> What this task involves
The copy should begin at the line containing "Photo 5 of 1424 W 23rd Street A, Houston, TX" and end with the last line below, every line exact and no picture included.

> Provided material

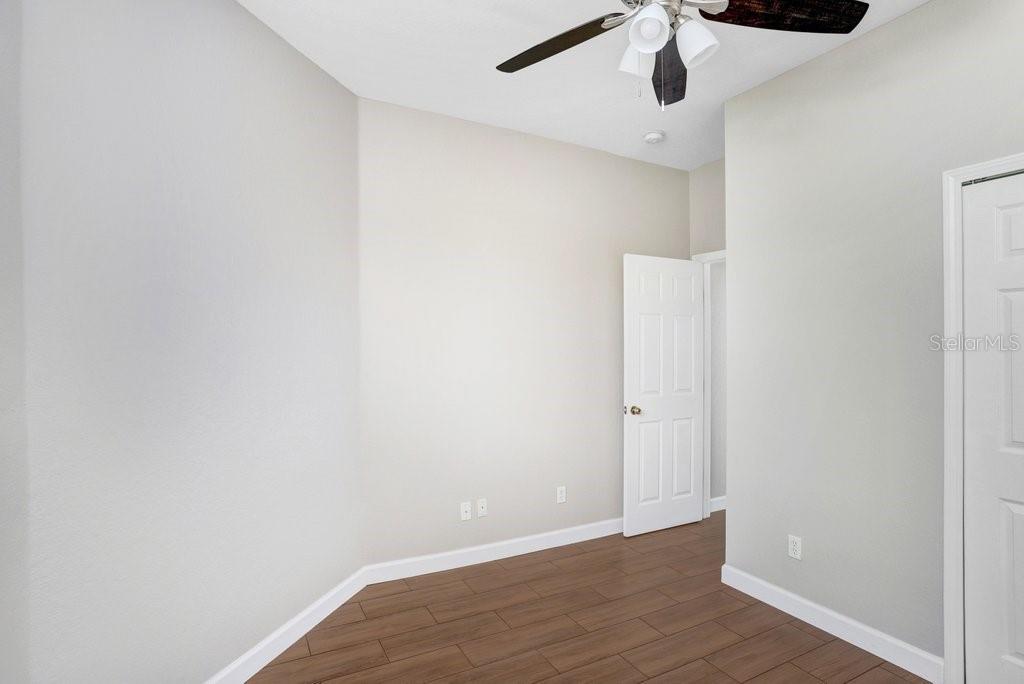 Image 18 of 32 For 11412 Captiva Kay Drive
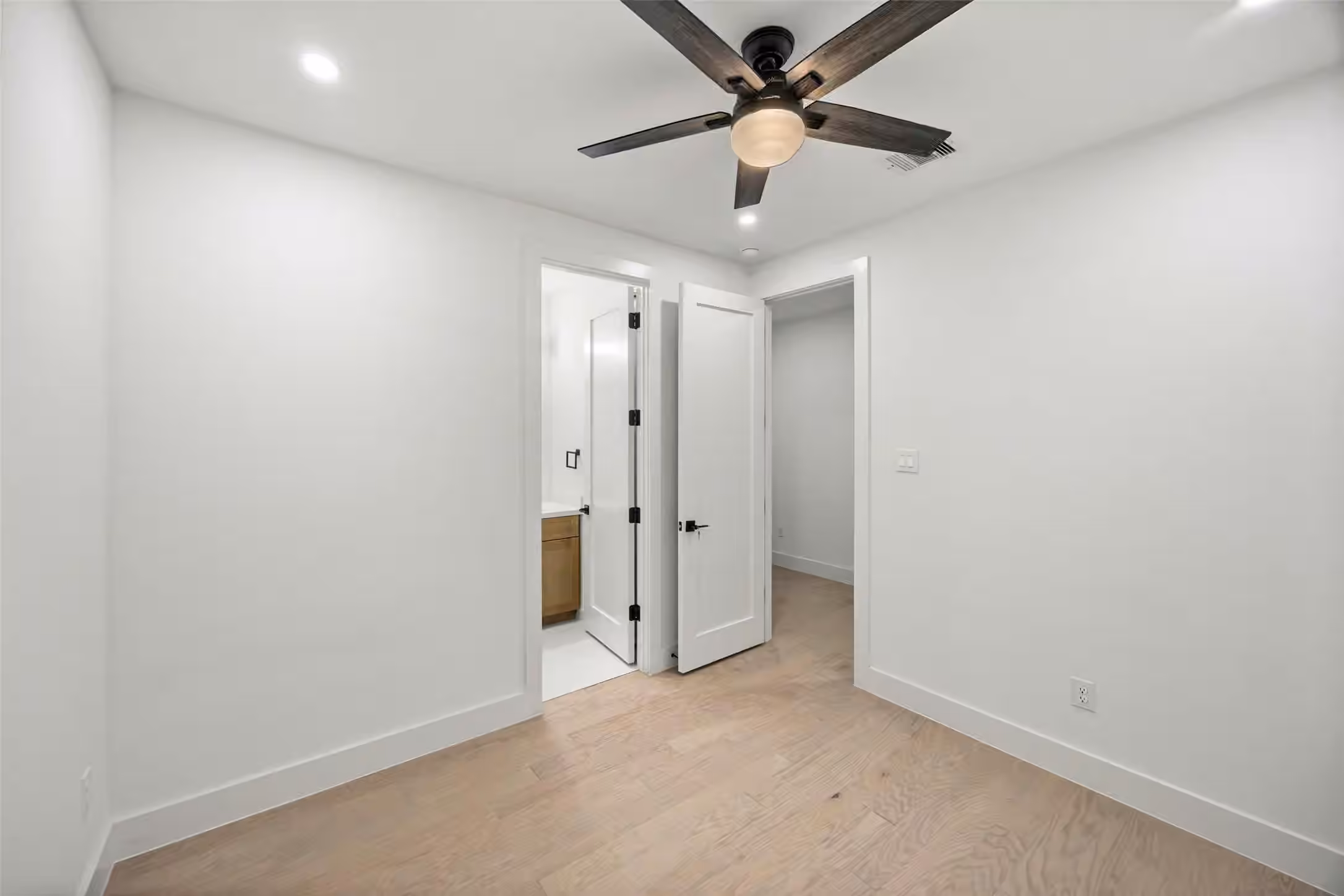Photo 5 of 1424 W 23rd Street A, Houston, TX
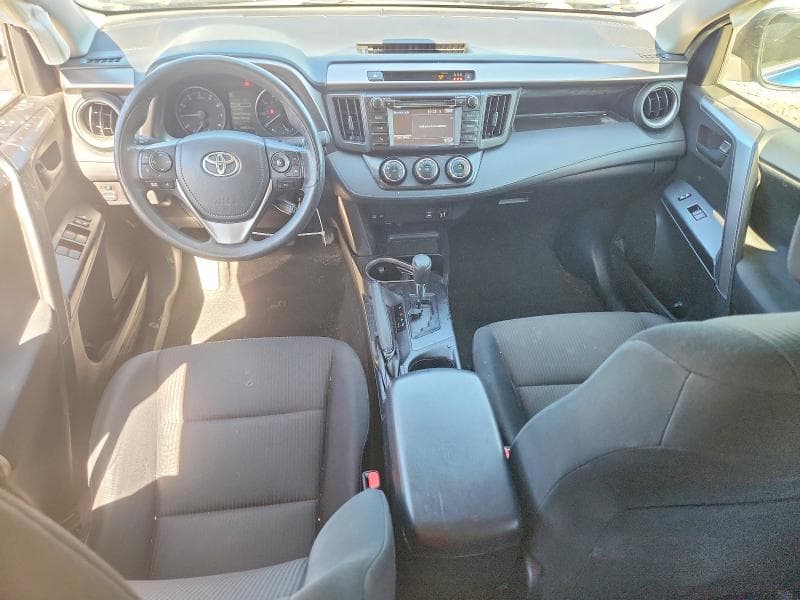 2017 TOYOTA RAV4 LE LE 8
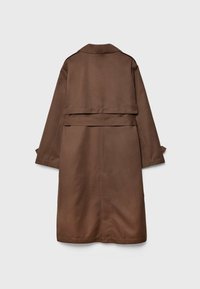 Bruine trenchcoat met kraag, lange mouwen en een dubbelgeknoopte voorkant. Voorzien van een achterkant met een insnijding en een gladde textuur.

> Output for this exercise
Photo 5 of 1424 W 23rd Street A, Houston, TX
 2017 TOYOTA RAV4 LE LE 8
 Bruine trenchcoat met kraag, lange mouwen en een dubbelgeknoopte voorkant. Voorzien van een achterkant met een insnijding en een gladde textuur.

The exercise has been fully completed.